→ **DATA FOR PROCESSING**
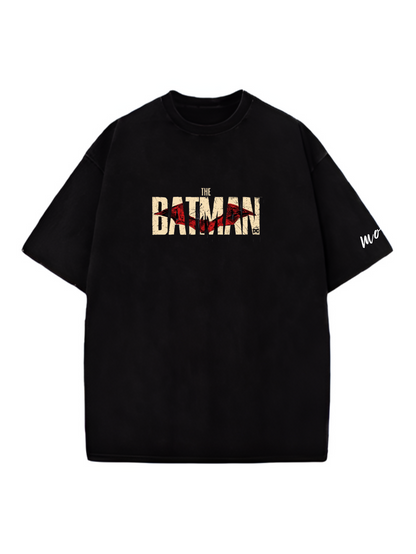 Batman Night Designed Oversized T-shirt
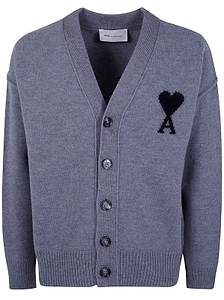Ami Ami De Coeur V-Neck Cardigan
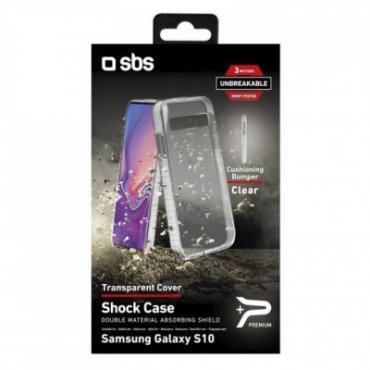 Shock cover for Samsung Galaxy S10 - Unbreakable Collection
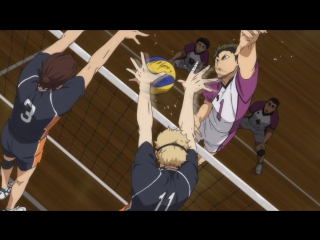anime volleyball haikyuu season 3 episode 4 overlor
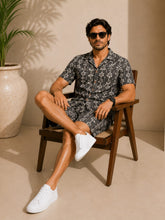 Pure Cotton Men's Co-Ord Set – Handcrafted Block Print Collection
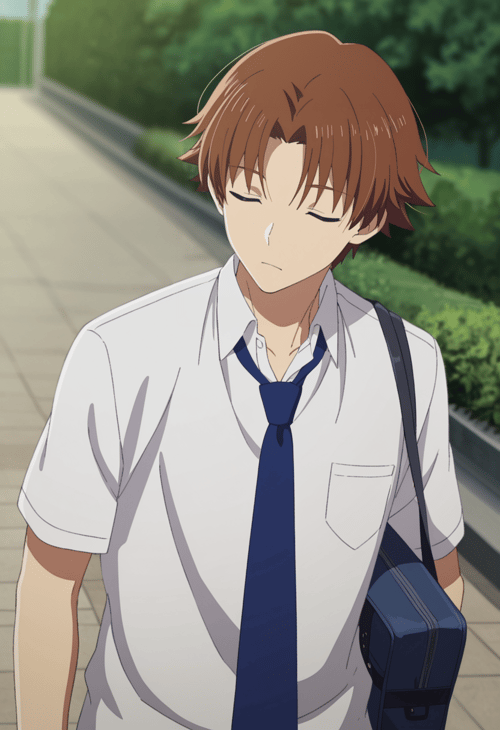 Kiyotaka Ayanokouji-Classroom of the Elite by Shjnct on Tensor.Art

→ **PROBLEM DETAILS**
Reproduce the lines from the line with "Pure Cotton Men's" through the last line of the entries exactly, including both ends and excluding pictures.

→ **YOUR RESPONSE**
 Pure Cotton Men's Co-Ord Set – Handcrafted Block Print Collection
 Kiyotaka Ayanokouji-Classroom of the Elite by Shjnct on Tensor.Art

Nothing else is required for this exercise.